Cue: a city fuelled by sex, drugs, and hedonism. Even after yesterday afternoon’s heavy, electric deluge, Pattaya buzzed till late. From my hotel room I could hear the hubbub, a song echoing long past midnight. A sweet froth of sound, wet with storm and pleasure.
But there was no hooker in my bed. Because I was not hungry. (Or hungry enough.)
For just as travel often reminds us that exotica and novelty revert to a deeper familiarity, my fortnight of sex tourism has eroded any last vestiges of lack. Right now – on a relatively cool Wednesday morning – a decade of celibacy seems less like ‘going without’ and more like the gift of distance.
I stand aside from you, so that I might see us both better.
NB: Please do not infer from the above any form of enlightened spiritual practice or religiously inspired body-hatred. I have drenched myself in physical joy here. Food, dope, coconut smoothies. Massages on the beach.
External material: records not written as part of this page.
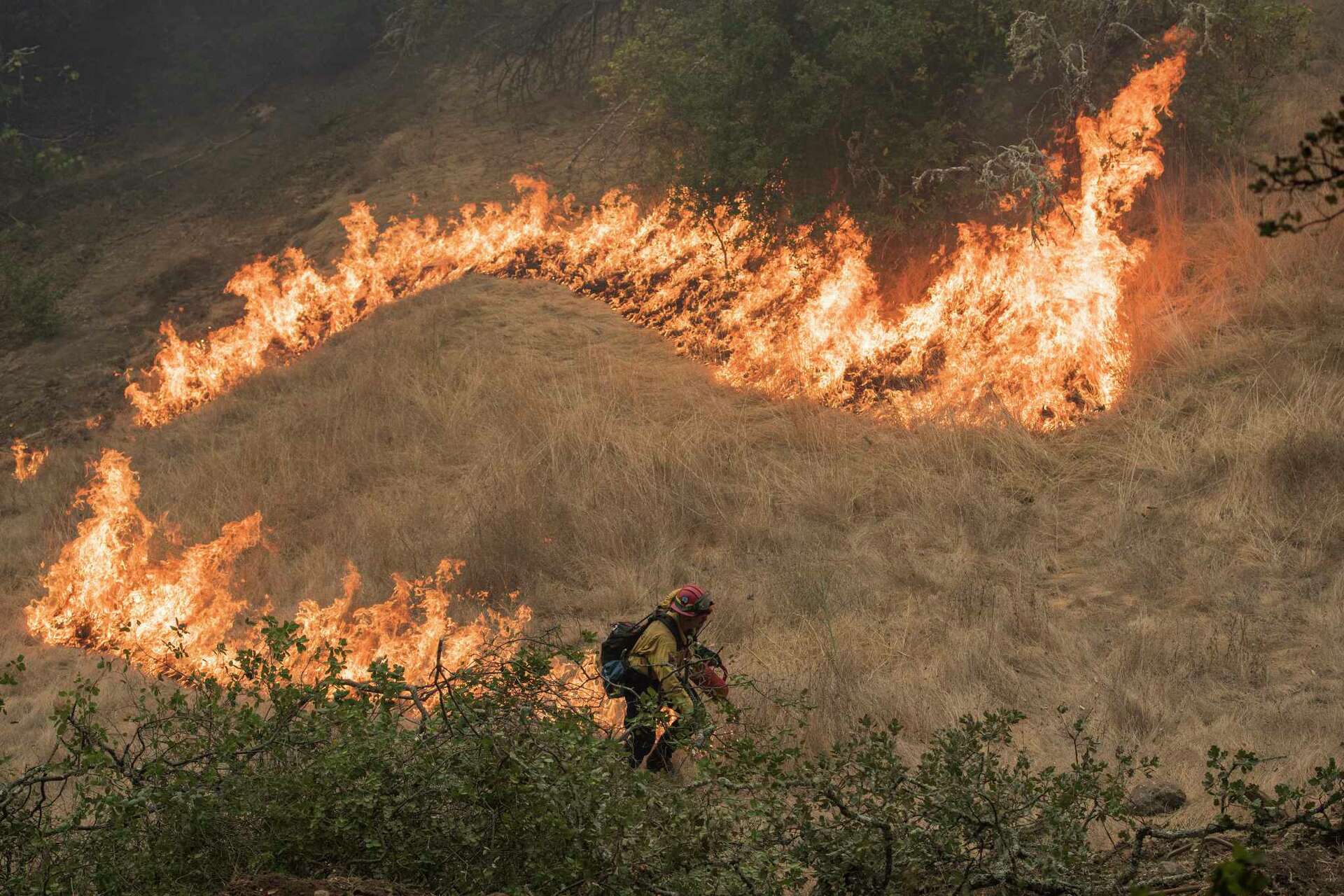 US Forest Service halts prescribed burns in California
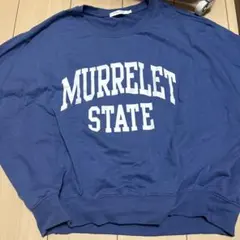 Item thumbnail for item 1287f095-b14c-4946-83be-9e3db0fb9462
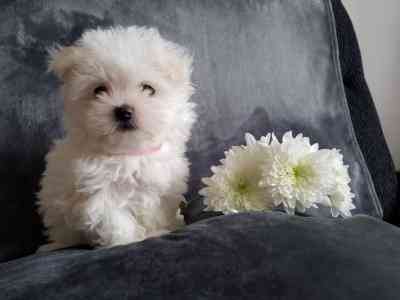 maltese puppies Ганновер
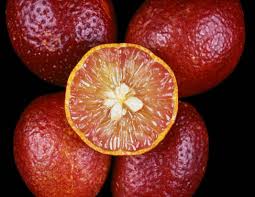 A halved blood orange is surrounded by four whole blood oranges, along with a vibrant Citrus 'Red Centre' Finger Lime 7" Pot, against a black background.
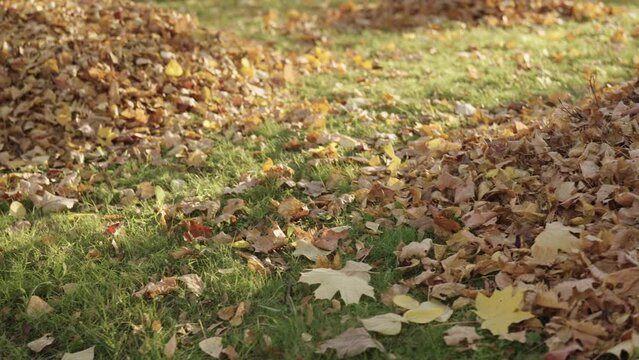 Slow motion pan of fallen leaves on grass in october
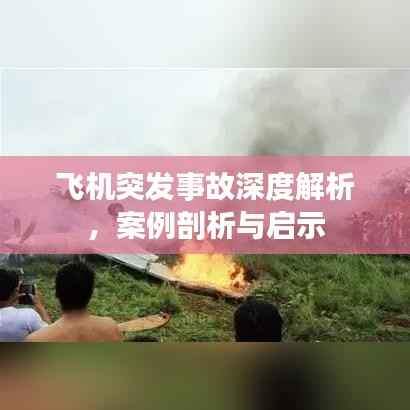 鸟为食亡 第2页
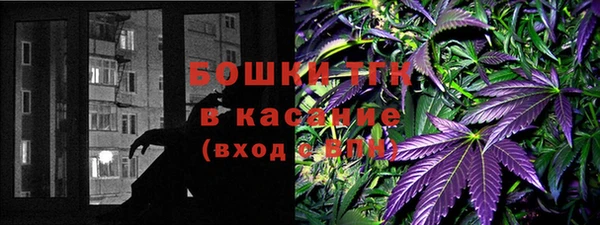 ешки Туринск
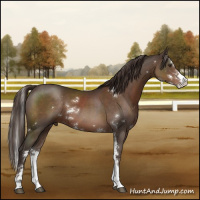 Horse Color:Liver Chestnut Sabino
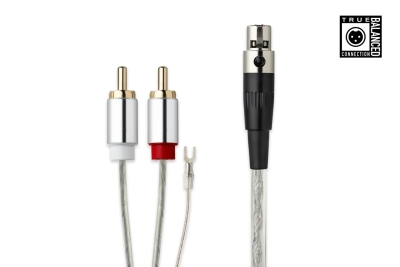 RCA / Mini XLR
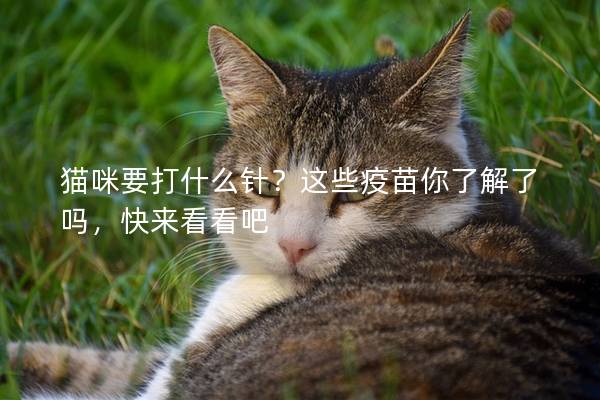 猫咪要打什么针？这些疫苗你了解了吗，快来看看吧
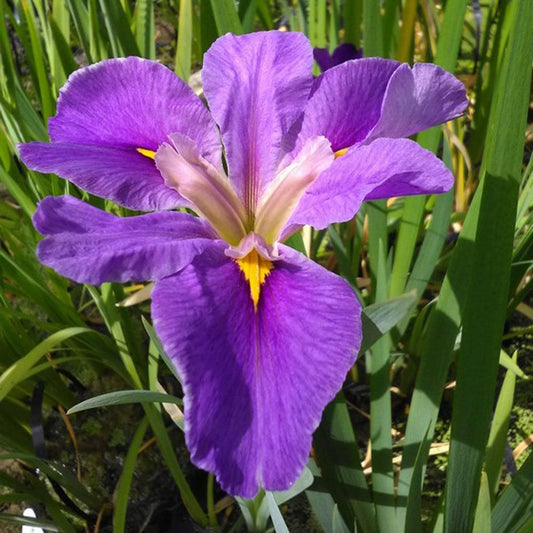 Iris Louisiana Pegaletta 3Ltr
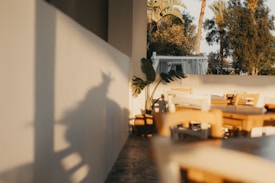 A sunlit outdoor cafe scene with wooden tables and chairs arranged neatly. The setting has a tranquil vibe with a large potted plant casting interesting shadows on a white wall. In the background, there are trees and a partially visible white pergola or canopy structure.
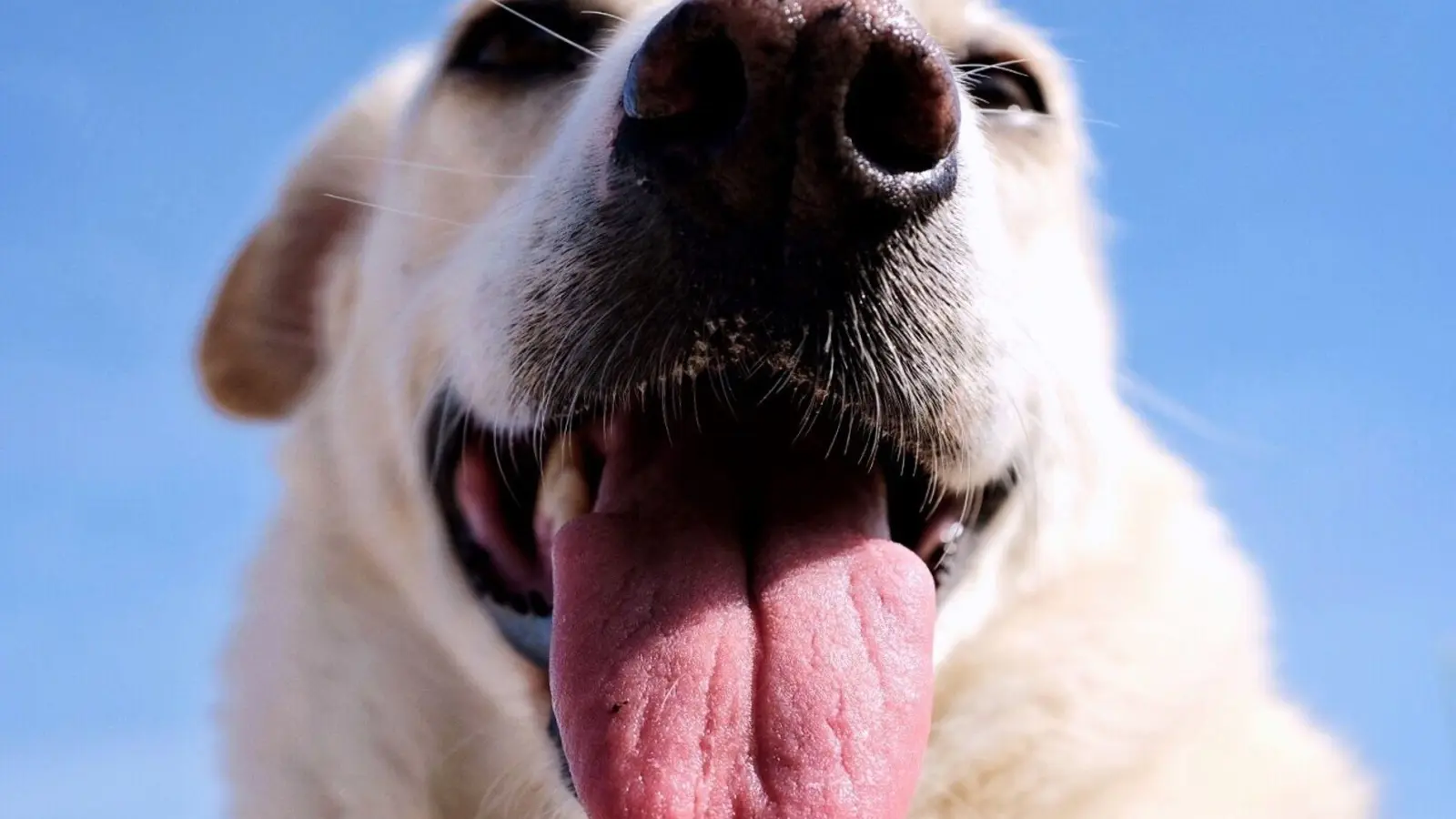 Schutz vor der Sonne: Der Nasenrücken von Hunden kann genauso wie Menschenhaut eingecremt werden. (Foto: Martin Gerten/dpa/dpa-tmn)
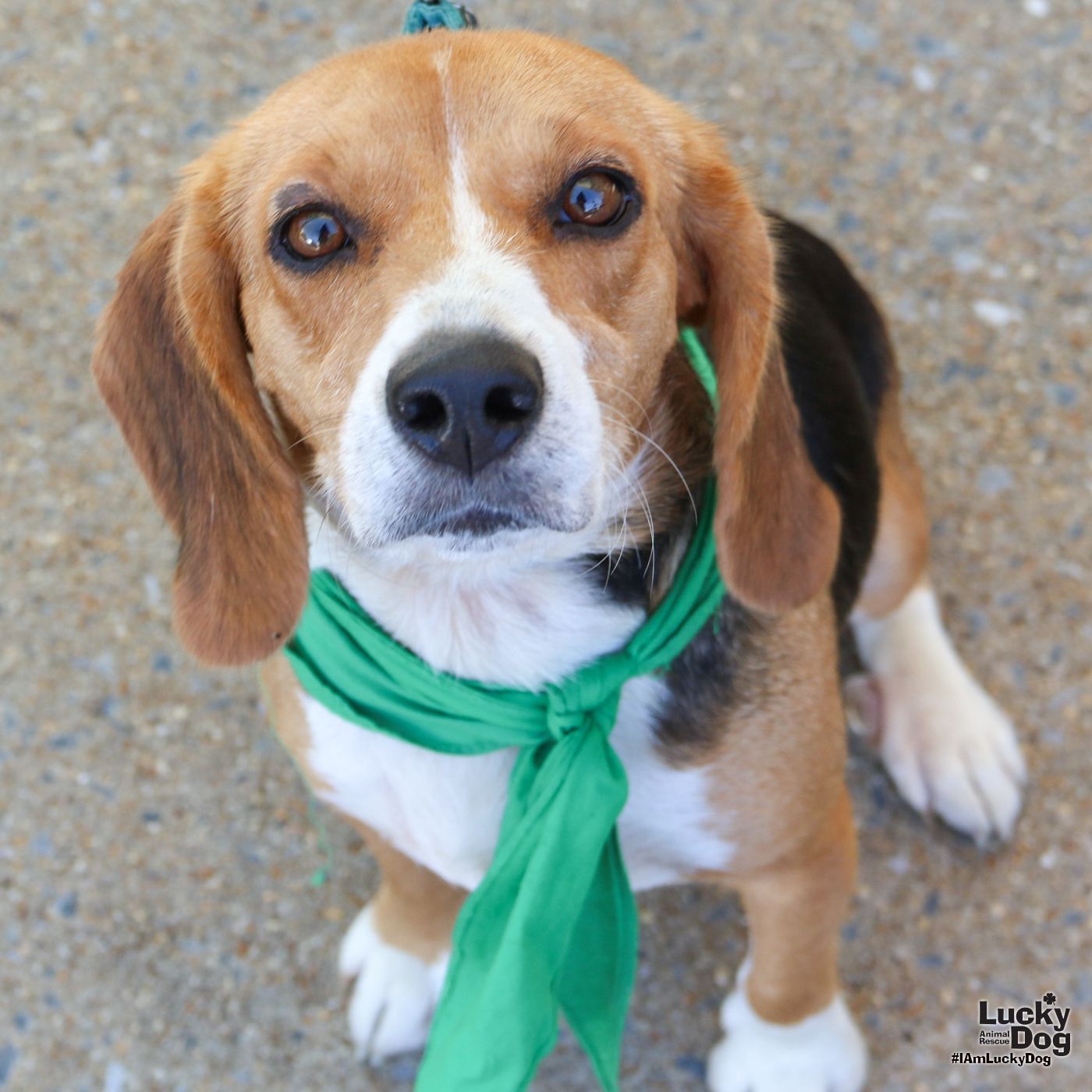 Coraline - Beagle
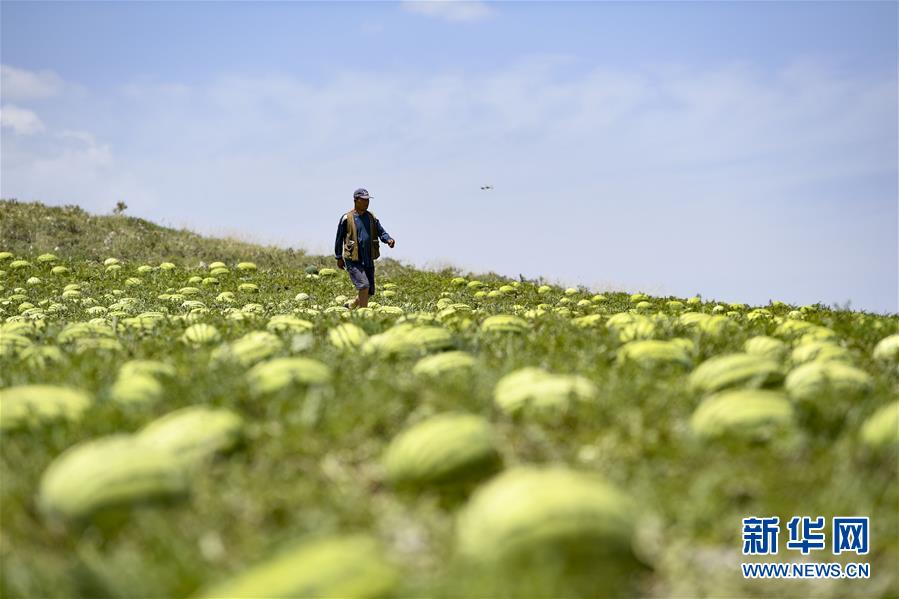 （壯麗70年&middot;奮斗新時代&mdash;&mdash;共和國發(fā)展成就巡禮&middot;圖文互動）（4）生態(tài)美、百姓富&mdash;&mdash;品讀嶄新&ldquo;寧夏畫卷&rdquo;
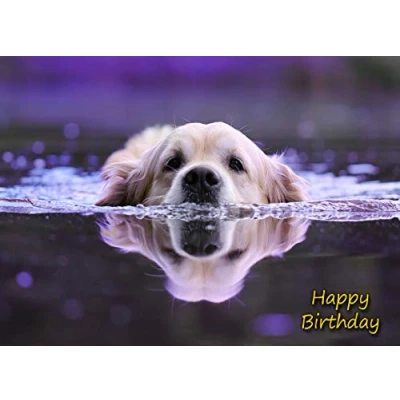 Image of Golden Retriever Dog Birthday Card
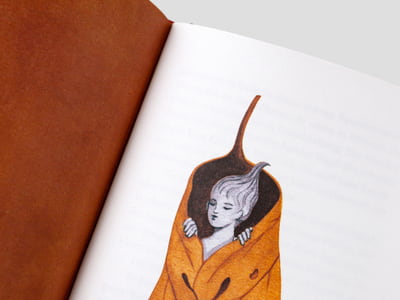 Ein Jahr in der Natur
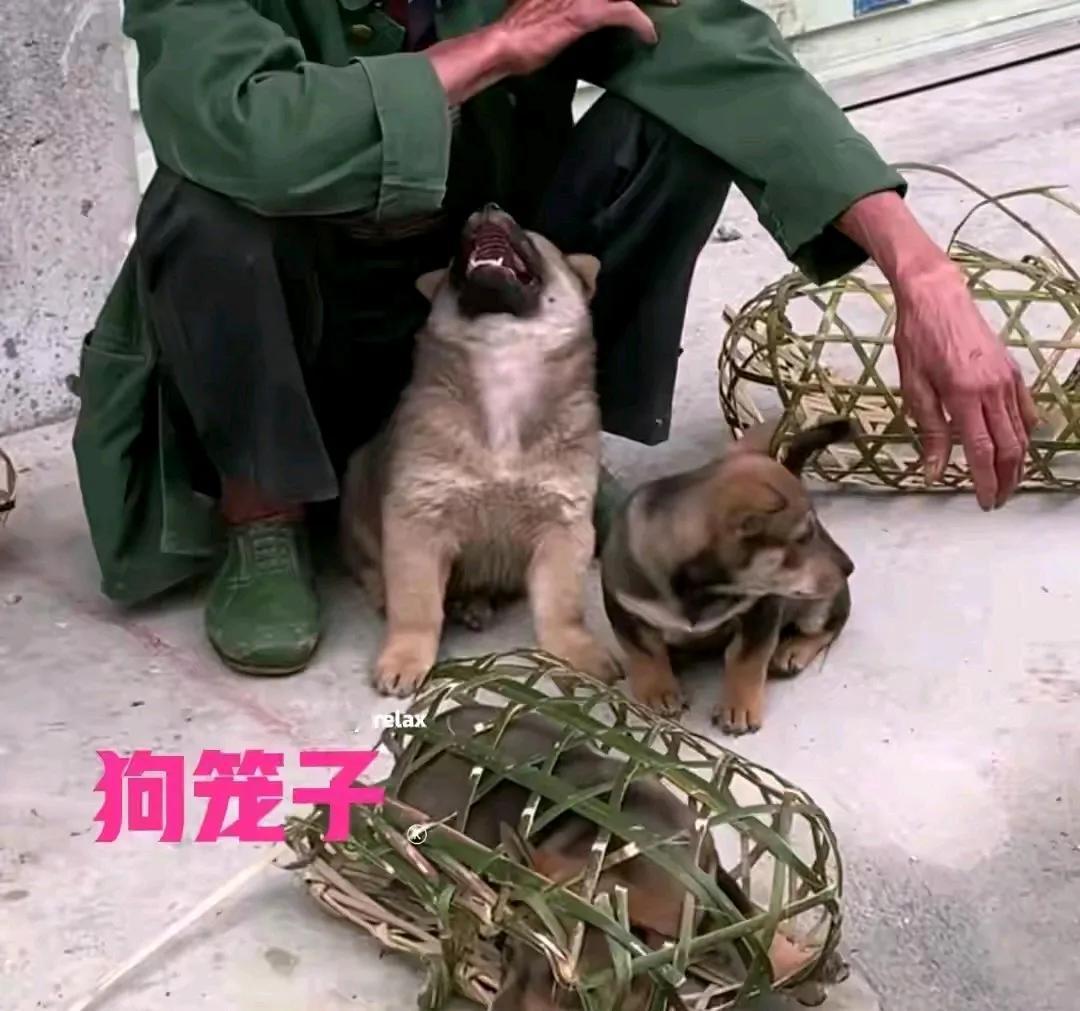 江西的一位农村大叔挑着自家的奶狗去街上卖，半天过去了，还是没有顾客来买，正当大叔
Walking fast at night through the velvet heat. And dancing. One last workout at a laser-lit club called Insomnia. The body in flight. Catching the smiling eyes of the young, as they filmed the crazy old person going off in front of them. In dance, there is no such thing as lack. Rather, presence. Oblivion.
“Fuck, what’s up your arse?”
To some it will seem ridiculous. Single, long-term celibate spends two weeks in notorious Thai sex playground and somehow fails to get laid. WTF!!!
As someone who fits the classic sex tourist profile, my ‘failure’ to fuck may well be revealing of serious psycho-emotional disturbance, quite possibly of a Freudian nature. Either that, or a glaring example of misguided ethical calculation. Or maybe I’m just taking myself way too seriously. (Then again, I could be lying; and this post a desperate rear-guard scramble to prevent the naked truth from derailing my carefully manicured reputation for being monkishly above it all.)
You may perhaps have your own theories – or judgements – and to these I shall leave you. After all, a monger who doesn’t monger is indeed a curious thing.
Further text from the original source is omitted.